AMD has updated its Opteron 6300 series lineup with two new processors with lower TDPs. Previously code-named "Warsaw," the Opteron 6370P and Opteron 6338P boast 99W TDPs and 12 and 16 Piledriver cores respectively.

The chips are similar to the existing Opteron 6300-series chips including the 32nm manufacturing process, dual die design, and the use of AMD's older Piledriver CPU cores instead of the latest Steamroller cores found in AMD's new Kaveri APUs. According to Supermicro, the lower 99W TDP parts offer up to 27% higher performance/watt compared to the existing "Abu-Dhabi" 6300 CPUs.

AMD Introduces Two New Low Power Opteron 6300 Series Processors - Processors 2

The Opteron 6338P is a twelve core processor clocked at 2.3 GHz base and 2.8 GHz turbo. The Opteron 6370P is a sixteen core part clocked at 2.0 GHz base and 2.5 GHz turbo. As such, the chips are two six and two eight-core silicon dies in one package respectively. The chips have 16MB of L3 cache and support the same instruction sets as the existing 6300 lineup including FMA3, BMI, and F16c. The new chips use AMD's Socket G34 which supports up to 4 sockets (dual die processors) per motherboard.
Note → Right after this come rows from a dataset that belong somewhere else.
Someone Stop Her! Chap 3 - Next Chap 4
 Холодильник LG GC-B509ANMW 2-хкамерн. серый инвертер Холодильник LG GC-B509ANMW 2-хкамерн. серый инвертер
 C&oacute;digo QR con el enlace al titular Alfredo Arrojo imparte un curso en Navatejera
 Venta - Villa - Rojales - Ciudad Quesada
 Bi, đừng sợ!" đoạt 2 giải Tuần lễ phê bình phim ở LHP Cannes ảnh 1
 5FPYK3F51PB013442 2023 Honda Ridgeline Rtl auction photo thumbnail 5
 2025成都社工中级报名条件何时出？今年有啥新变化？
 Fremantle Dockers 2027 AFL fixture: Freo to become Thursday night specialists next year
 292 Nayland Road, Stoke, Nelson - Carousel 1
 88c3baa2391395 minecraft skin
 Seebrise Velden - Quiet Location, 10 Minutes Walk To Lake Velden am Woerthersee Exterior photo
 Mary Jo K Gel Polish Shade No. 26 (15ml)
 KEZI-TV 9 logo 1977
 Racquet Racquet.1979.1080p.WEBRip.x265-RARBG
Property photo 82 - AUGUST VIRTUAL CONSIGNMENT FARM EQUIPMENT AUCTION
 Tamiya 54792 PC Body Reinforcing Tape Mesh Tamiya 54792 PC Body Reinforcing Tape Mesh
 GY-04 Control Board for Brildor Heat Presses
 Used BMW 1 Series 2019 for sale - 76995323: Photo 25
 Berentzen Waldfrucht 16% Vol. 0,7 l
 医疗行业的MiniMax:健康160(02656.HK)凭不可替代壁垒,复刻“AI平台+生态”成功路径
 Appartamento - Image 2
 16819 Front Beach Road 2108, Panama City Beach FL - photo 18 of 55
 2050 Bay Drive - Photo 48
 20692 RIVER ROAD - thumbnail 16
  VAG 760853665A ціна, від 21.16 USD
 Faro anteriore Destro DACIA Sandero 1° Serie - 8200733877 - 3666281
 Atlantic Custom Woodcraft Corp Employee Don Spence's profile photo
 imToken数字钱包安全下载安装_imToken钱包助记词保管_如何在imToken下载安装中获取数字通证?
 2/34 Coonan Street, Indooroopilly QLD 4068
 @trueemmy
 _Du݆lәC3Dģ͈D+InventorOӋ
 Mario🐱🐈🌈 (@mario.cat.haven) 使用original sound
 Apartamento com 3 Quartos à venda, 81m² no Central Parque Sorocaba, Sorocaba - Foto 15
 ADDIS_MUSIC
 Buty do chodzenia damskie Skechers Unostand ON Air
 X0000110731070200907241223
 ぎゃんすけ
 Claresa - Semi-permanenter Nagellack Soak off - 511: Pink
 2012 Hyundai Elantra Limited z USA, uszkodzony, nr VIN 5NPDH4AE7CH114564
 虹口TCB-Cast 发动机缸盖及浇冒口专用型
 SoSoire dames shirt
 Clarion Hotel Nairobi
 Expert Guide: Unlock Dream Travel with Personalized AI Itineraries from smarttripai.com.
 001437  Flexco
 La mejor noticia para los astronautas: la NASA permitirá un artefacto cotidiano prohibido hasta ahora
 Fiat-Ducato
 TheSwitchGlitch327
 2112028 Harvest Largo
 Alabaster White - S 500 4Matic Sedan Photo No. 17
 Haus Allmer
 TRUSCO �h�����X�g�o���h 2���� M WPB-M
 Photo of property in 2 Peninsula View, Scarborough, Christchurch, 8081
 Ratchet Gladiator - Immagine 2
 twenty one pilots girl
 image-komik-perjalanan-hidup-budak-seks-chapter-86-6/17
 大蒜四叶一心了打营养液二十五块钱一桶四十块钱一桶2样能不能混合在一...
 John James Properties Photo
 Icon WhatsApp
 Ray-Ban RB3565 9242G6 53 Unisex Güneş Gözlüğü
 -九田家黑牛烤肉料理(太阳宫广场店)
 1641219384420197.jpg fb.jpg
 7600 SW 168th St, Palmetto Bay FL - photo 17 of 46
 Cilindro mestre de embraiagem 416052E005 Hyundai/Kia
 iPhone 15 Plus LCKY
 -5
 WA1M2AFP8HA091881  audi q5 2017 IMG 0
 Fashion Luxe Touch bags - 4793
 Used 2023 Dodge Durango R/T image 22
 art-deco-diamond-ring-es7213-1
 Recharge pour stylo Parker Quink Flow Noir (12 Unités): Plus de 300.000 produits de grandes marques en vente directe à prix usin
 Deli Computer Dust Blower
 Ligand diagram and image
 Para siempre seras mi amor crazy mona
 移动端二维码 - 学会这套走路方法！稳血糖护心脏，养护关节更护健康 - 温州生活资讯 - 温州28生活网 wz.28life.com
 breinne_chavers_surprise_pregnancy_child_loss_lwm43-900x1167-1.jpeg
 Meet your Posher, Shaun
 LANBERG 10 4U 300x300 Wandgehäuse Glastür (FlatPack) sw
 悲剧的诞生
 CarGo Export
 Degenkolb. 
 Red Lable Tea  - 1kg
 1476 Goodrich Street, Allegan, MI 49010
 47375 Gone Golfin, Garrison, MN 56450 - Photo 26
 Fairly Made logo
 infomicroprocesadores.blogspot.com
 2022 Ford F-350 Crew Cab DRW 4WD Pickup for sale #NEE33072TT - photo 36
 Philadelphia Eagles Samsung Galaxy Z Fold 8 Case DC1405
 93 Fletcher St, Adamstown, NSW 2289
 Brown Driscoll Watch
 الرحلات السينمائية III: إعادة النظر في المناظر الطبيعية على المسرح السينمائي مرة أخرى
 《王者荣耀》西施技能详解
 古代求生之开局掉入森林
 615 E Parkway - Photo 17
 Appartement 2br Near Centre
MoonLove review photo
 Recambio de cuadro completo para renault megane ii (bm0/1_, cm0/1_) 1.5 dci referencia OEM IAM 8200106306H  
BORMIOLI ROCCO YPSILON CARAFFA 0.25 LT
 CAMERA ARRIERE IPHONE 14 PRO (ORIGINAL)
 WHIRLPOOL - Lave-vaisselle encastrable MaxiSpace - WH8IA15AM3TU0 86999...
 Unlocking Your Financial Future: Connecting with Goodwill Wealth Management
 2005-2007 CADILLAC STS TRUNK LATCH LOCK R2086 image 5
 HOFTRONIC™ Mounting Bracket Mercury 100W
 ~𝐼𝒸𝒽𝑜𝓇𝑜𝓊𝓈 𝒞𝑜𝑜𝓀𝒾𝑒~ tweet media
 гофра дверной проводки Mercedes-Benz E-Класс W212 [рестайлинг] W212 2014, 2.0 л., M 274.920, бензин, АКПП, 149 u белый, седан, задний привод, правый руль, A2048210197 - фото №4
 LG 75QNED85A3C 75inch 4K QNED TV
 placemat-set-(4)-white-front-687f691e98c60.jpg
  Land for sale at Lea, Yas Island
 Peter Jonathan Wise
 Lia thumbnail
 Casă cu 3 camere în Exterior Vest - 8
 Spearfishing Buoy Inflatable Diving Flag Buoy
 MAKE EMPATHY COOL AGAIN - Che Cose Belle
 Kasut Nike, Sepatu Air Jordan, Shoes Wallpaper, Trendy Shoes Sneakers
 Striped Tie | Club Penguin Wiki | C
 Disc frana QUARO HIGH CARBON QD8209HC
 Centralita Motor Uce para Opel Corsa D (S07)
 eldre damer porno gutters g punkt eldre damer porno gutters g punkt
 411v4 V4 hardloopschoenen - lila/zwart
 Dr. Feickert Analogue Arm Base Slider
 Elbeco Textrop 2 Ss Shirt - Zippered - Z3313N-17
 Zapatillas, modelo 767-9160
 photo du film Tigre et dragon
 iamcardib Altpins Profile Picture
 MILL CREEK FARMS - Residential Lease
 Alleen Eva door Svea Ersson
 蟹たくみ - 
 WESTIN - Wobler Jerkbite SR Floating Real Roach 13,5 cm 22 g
The new 99W 12-core 6338P and 16-core 6370P are available now for $377 and $598 respectively. The chips will be used in servers from Supermicro and Sugon, and purchasable directly from system integrators including Avnet and Penguin. AMD is aiming these chips at large data centers and cloud computing tasks. While the drop to 99W from the top-end series' 140W TDP does not seem like much, it makes a dramatic difference in the data center world where the electricity costs for racks of servers adds up rapidly.